Die natürliche Bevölkerungsentwicklung (Differenz zwischen Lebendgeburten und Sterbefällen) sowie der Saldo aus Zu- und Abwanderung bestimmen den Bevölkerungsstand insgesamt. Der Anteil beider Faktoren hat sich im Zeitverlauf erheblich verändert und unterscheidet sich zudem von Land von zu Land. Bezogen auf die Europäische Union hat die Nettozuwanderung seit 1992 einen größeren Anteil am Bevölkerungswachstum als die natürliche Veränderung des Bevölkerungsstandes. Bei der Hälfte der EU-Mitgliedstaaten ging eine positive natürliche Veränderung des Bevölkerungsstandes in den Jahren 2000 bis 2016 mit einem positiven Wanderungssaldo einher, in sechs EU-Staaten waren beide Faktoren negativ. In Deutschland stieg der Bevölkerungsstand, weil die Zuwanderung höher war als der natürliche Bevölkerungsrückgang.
Fakten
Die Entwicklung des Bevölkerungsstandes wird von zwei Faktoren bestimmt: Zum einen von der natürlichen Veränderung des Bevölkerungsstandes, also von der Differenz zwischen der Zahl der Lebendgeburten und der Zahl der Todesfälle. Zum anderen vom Wanderungssaldo, also von der Zahl der Menschen, die zu- und abwandern. Bis Ende der 1980er-Jahre war die natürliche Veränderung des Bevölkerungsstandes die mit Abstand wichtigste Komponente des Bevölkerungswachstums in der Europäischen Union (EU). Seit den frühen 1960er-Jahren ist hier jedoch ein nachhaltiger Rückgang zu verzeichnen. Hingegen haben internationale Wanderungsbewegungen an Bedeutung gewonnen. Seit 1992 haben diese durchgehend einen größeren Anteil am Bevölkerungswachstum als die natürliche Veränderung des Bevölkerungsstandes.

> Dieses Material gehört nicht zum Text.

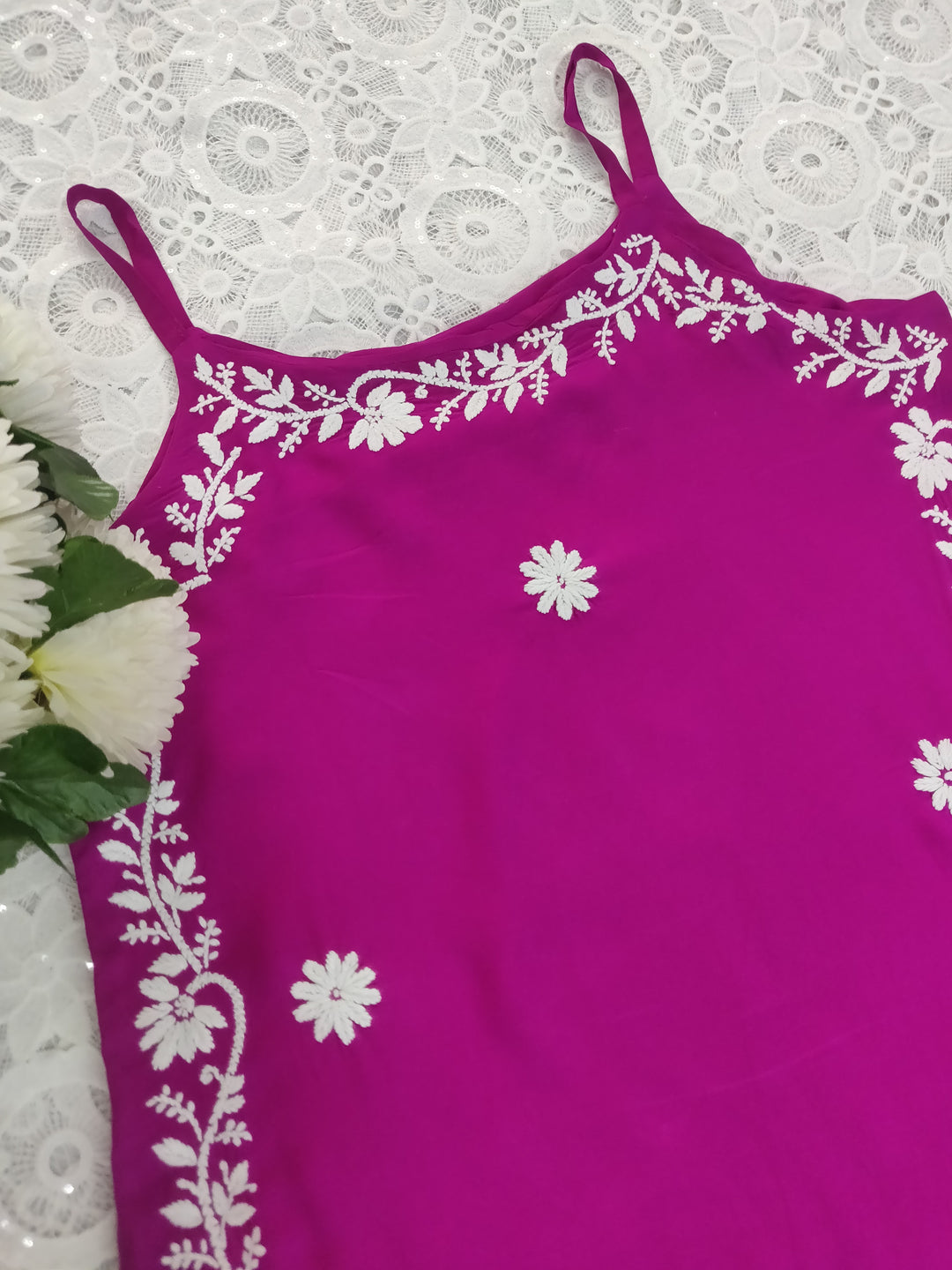 Purple Rayon Chikankari Short kurta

Im Jahr 2016 lag der Bevölkerungsstand der 28 EU-Mitgliedstaaten bei 510 Millionen. Zwischen 2000 und 2016 erhöhte sich der Bevölkerungsstand der EU laut Eurostat um 25,8 Millionen. Davon entfielen 4,8 Millionen auf das natürliche Bevölkerungswachstum und 21,1 Millionen auf den positiven Wanderungssaldo dieser Jahre. Damit hatte die Zuwanderung einen Anteil von 81,5 Prozent am gesamten Bevölkerungswachstum im Zeitraum 2000 bis 2016. Der Spitzenwert wurde dabei im Jahr 2015 mit 106,8 Prozent erreicht: Während die natürliche Bevölkerungsentwicklung rückläufig war (minus 117 Tsd.), lag der Wanderungssaldo bei plus 1,85 Millionen Personen – insgesamt erhöhte sich der Bevölkerungsstand im Jahr 2015 entsprechend um 1,74 Millionen.

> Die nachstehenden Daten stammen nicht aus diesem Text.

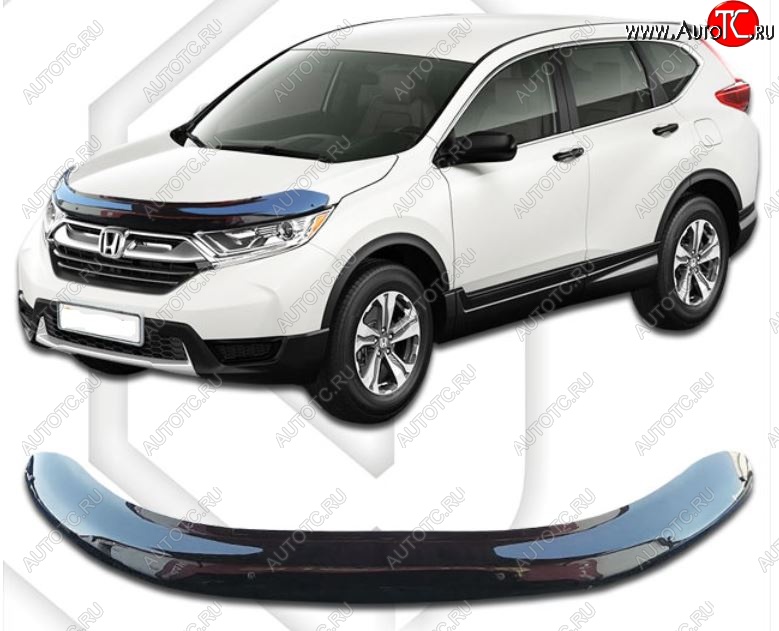 2 269 р. Дефлектор капота RW CA-Plastic  Honda CR-V  RW,RT (2016-2022) дорестайлинг, рестайлинг (Classic черный, Без надписи)  с доставкой в г. Таганрог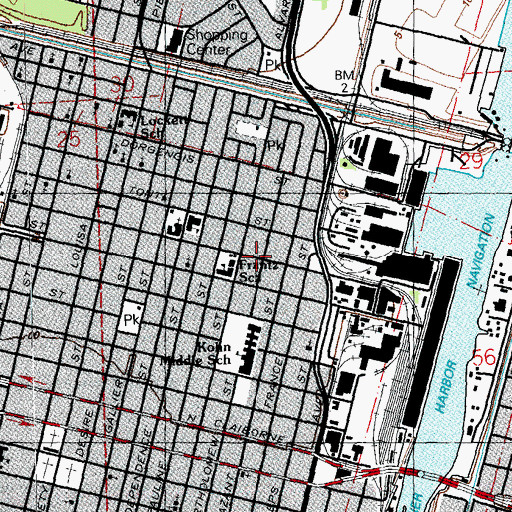 Topographic Map of Second Greater Mount Sinai Missionary Baptist Church, LA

Bei der Hälfte der EU-Mitgliedstaaten ging eine positive natürliche Veränderung des Bevölkerungsstandes in den Jahren 2000 bis 2016 mit einem positiven Wanderungssaldo einher. Der Anteil der Zuwanderung am gesamten Bevölkerungswachstum lag dabei zwischen 28,7 Prozent in Frankreich und 95,7 Prozent in Österreich. Laut Eurostat waren in diesem Zeitraum auch in Aserbaidschan, Bosnien und Herzegowina, Island, Liechtenstein, Norwegen sowie in der Schweiz sowohl die natürliche Bevölkerungsentwicklung als auch der Wanderungssaldo positiv.

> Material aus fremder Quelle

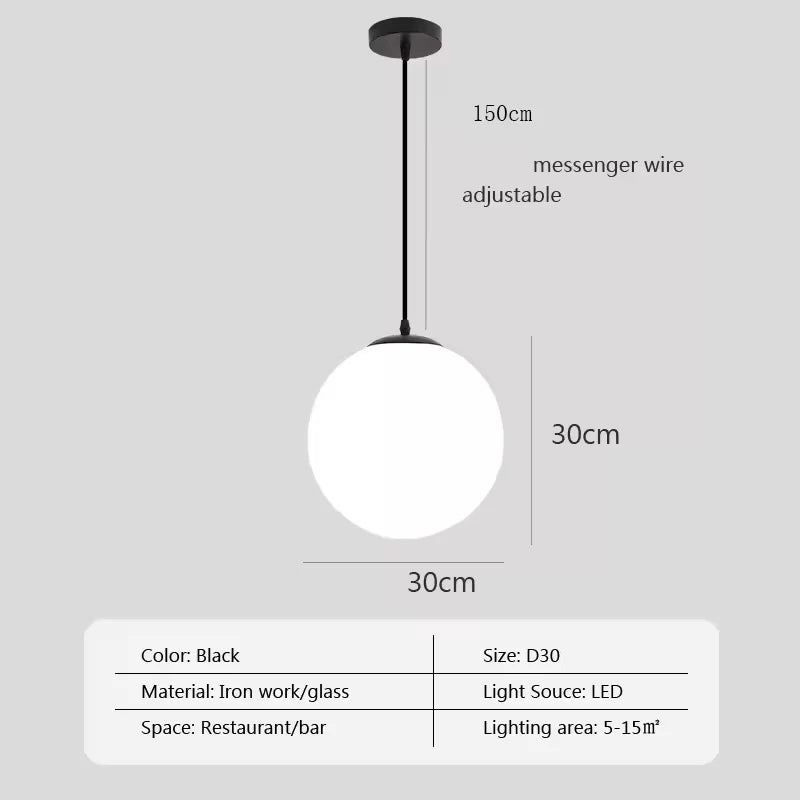 Modern Nordic Glass Ball Pendant Light - Elegant Brass & Black Design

In vier EU-Staaten (Deutschland, Italien, Portugal und Tschechien) stieg der Bevölkerungsstand, weil die Zuwanderung höher war als der natürliche Bevölkerungsrückgang. In Griechenland und Ungarn wurde der natürliche Bevölkerungsrückgang durch die Zuwanderung gedämpft aber nicht kompensiert (so auch in Russland und Serbien). In weiteren sechs EU-Staaten (Bulgarien, Estland, Kroatien, Lettland, Litauen, Rumänien) haben sich beide Faktoren negativ entwickelt und damit zu einem anhaltenden Bevölkerungsrückgang geführt. Eine Entwicklung die außerhalb der EU auch für Belarus, die Republik Moldau und die Ukraine gilt.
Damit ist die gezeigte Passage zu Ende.